回収された塩化メチレンは99.4部であった。一方、濃縮回収された固形部は0.6部であり、固形部中に含有する塩化メチレン濃度は1.7重量%であった。固形部の形状は大粒の顆粒状であり、かつ、粘着性は全く無く、取り扱い性に優れるものであった。
[比較例1]
前記の解重合操作、および、分液操作により得られた有機相100重量部を蒸留スチルに仕込み、加熱して蒸留操作を行なった。
回収された塩化メチレンは85部であった。また、スチル内残渣の粘度が著しく増加して、スチルから不純物濃縮部を取り出す事が出来なくなる為、これ以上塩化メチレンの回収量を増加させる事は実質的に不可能であった。
[参考例1] (ポリカーボネート樹脂の製造)
(A)温度計、撹拌機、還流冷却器、循環器付き反応器に、イオン交換水650部、25%水酸化ナトリウム水溶液252部を仕込み、これに購入したビスフェノールA170部、塩化メチレン13部およびハイドロサルファイト0.34部を加え、循環しながら温度を30℃に保持し40分間で溶解し、ビスフェノールA水溶液を調合した。
(B)温度計、撹拌機及び還流冷却器付き反応器に、(A)で調合したビスフェノールA水溶液367部を仕込み、塩化メチレン181部を加え、撹拌下15〜25℃でホスゲン28.3部を40分要して吹込んだ。ホスゲン吹き込み終了後、48%水酸化ナトリウム水溶液7.2部および固体のp−ターシャリーブチルフェノール1.55部を加え、乳化せしめた後、10分後にトリエチルアミン0.06部を加え、さらに28〜33℃で1時間撹拌して反応を終了した。反応終了後生成物に塩化メチレン400部を加え混合した後、攪拌を停止し、水相と有機相とを分離して、ポリカーボネート樹脂濃度14.5重量%有機溶媒溶液を得た。
この有機溶媒溶液に水150部を加えて攪拌混合した後、攪拌を停止し、水相と有機相とを分離した。この有機相にpH3の塩酸水200部を加え、攪拌混合しトリエチルアミン等を抽出した後、攪拌を停止し、水相と有機相とを分離した。次いでさらに分離した有機相にイオン交換水200部を加え攪拌混合した後、攪拌を停止し、水相と有機相とを分離した。この操作を水相の導電率がイオン交換水と殆ど同じになるまで(4回)繰返した。得られた精製ポリカーボネート樹脂溶液をSUS304製の濾過精度1μmフィルターで濾過した。
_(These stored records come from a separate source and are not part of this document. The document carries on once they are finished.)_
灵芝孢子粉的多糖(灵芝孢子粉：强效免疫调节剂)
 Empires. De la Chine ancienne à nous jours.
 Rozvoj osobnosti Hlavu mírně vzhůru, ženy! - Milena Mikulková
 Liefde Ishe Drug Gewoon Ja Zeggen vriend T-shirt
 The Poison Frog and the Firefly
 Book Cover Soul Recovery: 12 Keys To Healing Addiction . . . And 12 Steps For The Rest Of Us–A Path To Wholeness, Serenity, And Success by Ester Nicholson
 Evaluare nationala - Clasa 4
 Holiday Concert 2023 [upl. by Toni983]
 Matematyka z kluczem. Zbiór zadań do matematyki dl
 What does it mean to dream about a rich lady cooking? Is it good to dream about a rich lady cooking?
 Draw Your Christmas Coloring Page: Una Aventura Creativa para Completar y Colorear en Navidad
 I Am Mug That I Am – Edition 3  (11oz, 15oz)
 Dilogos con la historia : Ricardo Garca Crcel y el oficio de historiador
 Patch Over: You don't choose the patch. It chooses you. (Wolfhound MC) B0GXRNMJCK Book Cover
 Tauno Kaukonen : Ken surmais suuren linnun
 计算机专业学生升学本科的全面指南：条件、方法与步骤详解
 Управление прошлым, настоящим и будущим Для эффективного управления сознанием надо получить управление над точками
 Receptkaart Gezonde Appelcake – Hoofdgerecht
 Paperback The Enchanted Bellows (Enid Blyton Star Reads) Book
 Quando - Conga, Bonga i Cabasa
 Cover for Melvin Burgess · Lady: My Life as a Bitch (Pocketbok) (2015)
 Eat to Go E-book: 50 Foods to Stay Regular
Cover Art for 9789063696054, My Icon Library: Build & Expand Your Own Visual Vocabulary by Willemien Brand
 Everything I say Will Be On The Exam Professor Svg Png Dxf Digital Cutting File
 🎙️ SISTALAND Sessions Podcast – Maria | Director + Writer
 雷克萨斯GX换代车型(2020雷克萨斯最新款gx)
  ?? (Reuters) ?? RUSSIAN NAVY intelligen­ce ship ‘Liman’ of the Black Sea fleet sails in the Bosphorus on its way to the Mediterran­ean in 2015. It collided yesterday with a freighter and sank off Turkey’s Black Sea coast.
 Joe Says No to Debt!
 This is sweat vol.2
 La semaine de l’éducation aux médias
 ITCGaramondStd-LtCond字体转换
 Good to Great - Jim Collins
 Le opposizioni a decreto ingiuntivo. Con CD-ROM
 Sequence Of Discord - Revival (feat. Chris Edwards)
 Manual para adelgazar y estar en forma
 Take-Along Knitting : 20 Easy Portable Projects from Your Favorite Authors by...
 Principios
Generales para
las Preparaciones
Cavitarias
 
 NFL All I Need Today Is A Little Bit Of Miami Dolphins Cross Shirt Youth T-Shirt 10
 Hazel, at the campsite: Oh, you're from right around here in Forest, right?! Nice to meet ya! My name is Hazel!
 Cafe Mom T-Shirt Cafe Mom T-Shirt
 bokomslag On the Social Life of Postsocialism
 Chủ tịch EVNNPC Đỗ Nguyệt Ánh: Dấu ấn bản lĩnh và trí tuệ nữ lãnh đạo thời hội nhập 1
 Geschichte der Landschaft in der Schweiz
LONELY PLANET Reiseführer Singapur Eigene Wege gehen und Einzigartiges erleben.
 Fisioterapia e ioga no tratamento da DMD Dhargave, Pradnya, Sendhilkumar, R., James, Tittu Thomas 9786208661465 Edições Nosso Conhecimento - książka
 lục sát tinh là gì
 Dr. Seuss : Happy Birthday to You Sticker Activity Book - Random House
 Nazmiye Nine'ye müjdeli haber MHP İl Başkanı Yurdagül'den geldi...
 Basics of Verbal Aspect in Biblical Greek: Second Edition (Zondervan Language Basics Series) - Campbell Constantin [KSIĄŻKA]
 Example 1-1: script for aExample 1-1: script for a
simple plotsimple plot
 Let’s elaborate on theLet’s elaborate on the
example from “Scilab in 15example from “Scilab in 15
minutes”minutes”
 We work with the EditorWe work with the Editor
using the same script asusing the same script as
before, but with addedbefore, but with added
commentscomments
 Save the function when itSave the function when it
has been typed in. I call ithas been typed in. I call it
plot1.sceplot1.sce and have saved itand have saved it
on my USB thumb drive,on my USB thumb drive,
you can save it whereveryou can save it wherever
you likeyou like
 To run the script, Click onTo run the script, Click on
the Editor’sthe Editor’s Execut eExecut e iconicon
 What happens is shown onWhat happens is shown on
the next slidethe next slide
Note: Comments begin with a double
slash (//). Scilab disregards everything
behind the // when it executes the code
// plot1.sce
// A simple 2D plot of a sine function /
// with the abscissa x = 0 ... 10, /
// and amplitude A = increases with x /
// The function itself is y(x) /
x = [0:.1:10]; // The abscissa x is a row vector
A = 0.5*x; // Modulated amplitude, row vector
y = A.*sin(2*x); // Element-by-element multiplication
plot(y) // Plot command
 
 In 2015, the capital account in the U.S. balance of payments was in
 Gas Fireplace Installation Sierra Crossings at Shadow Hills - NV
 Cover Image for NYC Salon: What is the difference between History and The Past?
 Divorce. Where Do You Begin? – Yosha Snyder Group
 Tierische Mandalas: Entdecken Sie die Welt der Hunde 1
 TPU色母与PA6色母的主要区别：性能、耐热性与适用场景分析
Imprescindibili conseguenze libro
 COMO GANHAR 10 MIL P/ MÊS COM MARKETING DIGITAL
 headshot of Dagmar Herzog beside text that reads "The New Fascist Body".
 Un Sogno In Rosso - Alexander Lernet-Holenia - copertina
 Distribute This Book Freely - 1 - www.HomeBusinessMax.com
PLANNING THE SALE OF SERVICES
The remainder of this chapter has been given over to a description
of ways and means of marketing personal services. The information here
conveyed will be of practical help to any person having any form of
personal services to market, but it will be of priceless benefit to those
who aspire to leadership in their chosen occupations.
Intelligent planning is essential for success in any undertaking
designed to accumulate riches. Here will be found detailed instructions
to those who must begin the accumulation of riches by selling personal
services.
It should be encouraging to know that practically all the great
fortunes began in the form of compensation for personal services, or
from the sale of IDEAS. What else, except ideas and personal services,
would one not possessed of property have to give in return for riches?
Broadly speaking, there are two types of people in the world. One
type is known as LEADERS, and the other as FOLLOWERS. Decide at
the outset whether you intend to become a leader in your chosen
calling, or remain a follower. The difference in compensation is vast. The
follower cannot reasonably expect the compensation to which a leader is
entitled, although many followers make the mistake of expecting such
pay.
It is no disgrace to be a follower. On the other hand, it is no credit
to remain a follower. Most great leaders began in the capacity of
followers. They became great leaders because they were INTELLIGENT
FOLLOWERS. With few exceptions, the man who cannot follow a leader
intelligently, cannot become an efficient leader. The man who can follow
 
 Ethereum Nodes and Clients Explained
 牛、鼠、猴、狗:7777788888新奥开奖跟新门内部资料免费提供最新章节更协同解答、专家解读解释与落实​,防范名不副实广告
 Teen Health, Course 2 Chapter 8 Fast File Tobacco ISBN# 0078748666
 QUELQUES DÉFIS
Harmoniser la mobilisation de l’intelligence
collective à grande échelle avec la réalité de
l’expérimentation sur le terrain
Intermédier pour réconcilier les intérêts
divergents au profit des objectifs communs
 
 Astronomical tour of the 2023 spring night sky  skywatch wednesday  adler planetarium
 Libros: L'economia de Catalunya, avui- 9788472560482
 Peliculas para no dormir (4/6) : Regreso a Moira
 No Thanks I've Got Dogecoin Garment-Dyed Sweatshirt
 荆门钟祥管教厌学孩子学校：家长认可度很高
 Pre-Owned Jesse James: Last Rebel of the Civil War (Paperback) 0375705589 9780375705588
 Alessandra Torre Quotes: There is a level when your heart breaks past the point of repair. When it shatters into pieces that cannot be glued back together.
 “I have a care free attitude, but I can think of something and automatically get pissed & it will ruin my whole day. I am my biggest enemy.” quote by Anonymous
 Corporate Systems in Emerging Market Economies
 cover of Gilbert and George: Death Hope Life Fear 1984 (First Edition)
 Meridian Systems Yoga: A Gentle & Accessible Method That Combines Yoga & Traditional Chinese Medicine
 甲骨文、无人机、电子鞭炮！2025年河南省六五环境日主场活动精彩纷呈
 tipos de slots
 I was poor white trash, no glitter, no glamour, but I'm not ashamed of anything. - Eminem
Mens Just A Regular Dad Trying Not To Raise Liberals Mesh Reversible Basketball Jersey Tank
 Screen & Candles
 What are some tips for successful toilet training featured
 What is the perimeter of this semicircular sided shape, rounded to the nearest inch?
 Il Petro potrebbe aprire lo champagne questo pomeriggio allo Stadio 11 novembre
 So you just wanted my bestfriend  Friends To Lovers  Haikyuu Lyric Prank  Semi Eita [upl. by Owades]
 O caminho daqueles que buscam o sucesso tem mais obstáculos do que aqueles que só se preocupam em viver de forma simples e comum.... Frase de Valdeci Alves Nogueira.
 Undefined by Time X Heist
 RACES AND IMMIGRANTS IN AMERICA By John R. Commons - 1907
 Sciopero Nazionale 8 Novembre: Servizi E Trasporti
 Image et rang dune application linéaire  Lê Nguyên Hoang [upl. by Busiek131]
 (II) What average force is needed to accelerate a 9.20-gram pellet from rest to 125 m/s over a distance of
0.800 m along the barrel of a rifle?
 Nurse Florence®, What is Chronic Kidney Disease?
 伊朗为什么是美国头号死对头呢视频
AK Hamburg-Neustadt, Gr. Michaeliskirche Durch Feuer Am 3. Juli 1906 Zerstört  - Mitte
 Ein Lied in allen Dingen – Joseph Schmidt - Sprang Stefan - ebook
次に、該有機溶媒溶液を軸受け部に異物取出口を有する隔離室を設けた内壁の材質がSUS316L製の1000Lニーダーにイオン交換水100Lとともに投入し、水温42℃にて塩化メチレンを蒸発させて粉粒体とし、該粉粒体と水の混合物を水温95℃にコントロールされた攪拌機付熱水処理槽に投入し、粉粒体25部対水75部の混合比で30分間攪拌混合した。この粉粒体と水の混合物を遠心分離機で分離して塩化メチレン0.5重量%と水45重量%を含有する粉粒体を得た。この粉粒体を140℃にコントロールされているSUS316L製伝導受熱式溝型2軸攪拌連続乾燥機に50kg/h(ポリカーボネート樹脂換算)で連続供給して、平均乾燥時間3時間の条件で乾燥して粉粒体を得た。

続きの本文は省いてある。